Но учение об оправдании верой есть нечто большее, чем просто лютеранский партикуляризм. Целью лютеранских реформаторов было реформирование Церкви, которую они знали, а не создание новой независимой деноминации. Таким образом, учение об оправдании верой остается для нас, лютеран, предложением, которое носит экуменический характер. Это предложение или не имеет силу, что в свою очередь ставит под вопрос всю программу лютеран, или имеет силу для всей христианской Церкви. На наш взгляд, истинным, правильным, конечно, является второе. По практическим соображениям, в своем докладе об этом лютеранском предложении я ограничусь основополагающим ранним периодом его становления, в первую очередь как оно представлено в работах Мартина Лютера и лютеранских исповеданиях.

Как известно, основу учения об оправдании следует искать в Новом Завете, в посланиях Св. Павла, в первую очередь в его Посланиях к римлянам и галатам. Но не весь христианский мир уделил одинаковое внимание этим представлениям Павла. Именно Западной Церкви удалось наиболее полно развить этот аспект теологии Павла, в то время как  в Восточной Церкви главенствующую роль играло развитие концепции обожения. Непосредственным толчком к сосредоточению внимания Западной Церкви на теме оправдания послужил вопрос, как поступать с теми, кто во времена гонений отрекся от веры, но затем решил вернуться в Церковь. Решение проблемы усложняли и особые ригористические настроения, охватившие умы Западной Церкви, примером могут служить Тертуллиан, Киприан, Ипполит и донатисты, которые боялись, что с легкостью дарованное прощение станет пародией на само прощение. Радикальный ригоризм вверг некоторых из них в ересь, что наиболее заметно в случае донатистов, которым энергично противостоял Августин. Как бы то ни было, это стремление к ригоризму оставалось достаточно сильным и привело к развитию целой системы покаяния в Западной Церкви.[1]

Существовали определенного рода злоупотребления этой системой, в особенности, это касается продажи индульгенций - в первую очередь индульгенций, покупавшихся за мертвых, - которые привлекли внимание Мартина Лютера в 1517 году. Эти злоупотребления, вместе с удивительно неистовым официальным противодействием проведению каких бы то ни было реформ, послужили катализатором реакции, которая заставила Лютера усомниться в основополагающих принципах, постулатах этой системы. Горючим для этого процесса послужило само Писание, в первую очередь Послание к римлянам, лекции по которому Лютер читал за год до этого в Виттенбергском университете.
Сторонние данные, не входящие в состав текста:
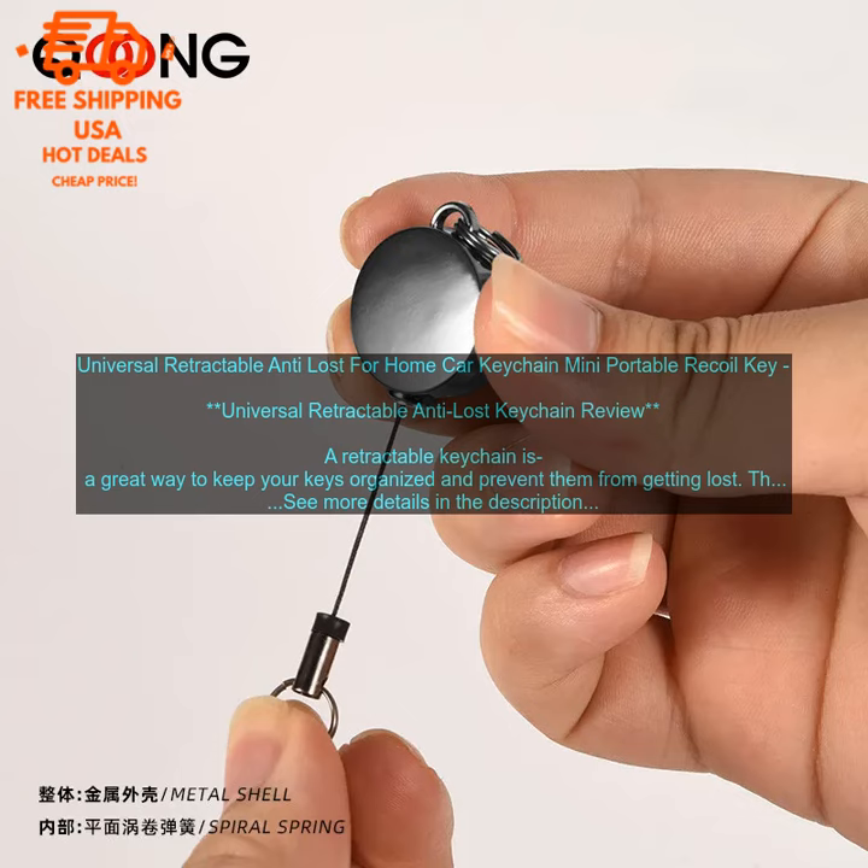Universal Retractable Anti-Lost Keychain Review. A retractable keychain is a great way to keep your keys organized and prevent them from getting lost. This particular keychain is made of durable elastic rope and features a metal clip that can be attached to your belt loop or purse. The keychain also has a built-in LED light, which is perfect for finding your keys in the dark.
Во времена Лютера официальное понимание оправдания в Западной Церкви было основано на работах Павла и Августина. Согласно одному из современных биографов Лютера, считалось, что Павел и Августин полагали, что Церковь раздает праведность Христа подобно талантам, которые преумножатся, если упорно трудиться и сделать хорошее вложение (Мат. 25,14-30). Праведность Христа не делает человека праведным пред Богом. Она дает ему возможность стать праведным. В Судный День справедливый Бог определит, воспользовался ли верующий даром Христа и действительно ли оценил его по достоинству.[2]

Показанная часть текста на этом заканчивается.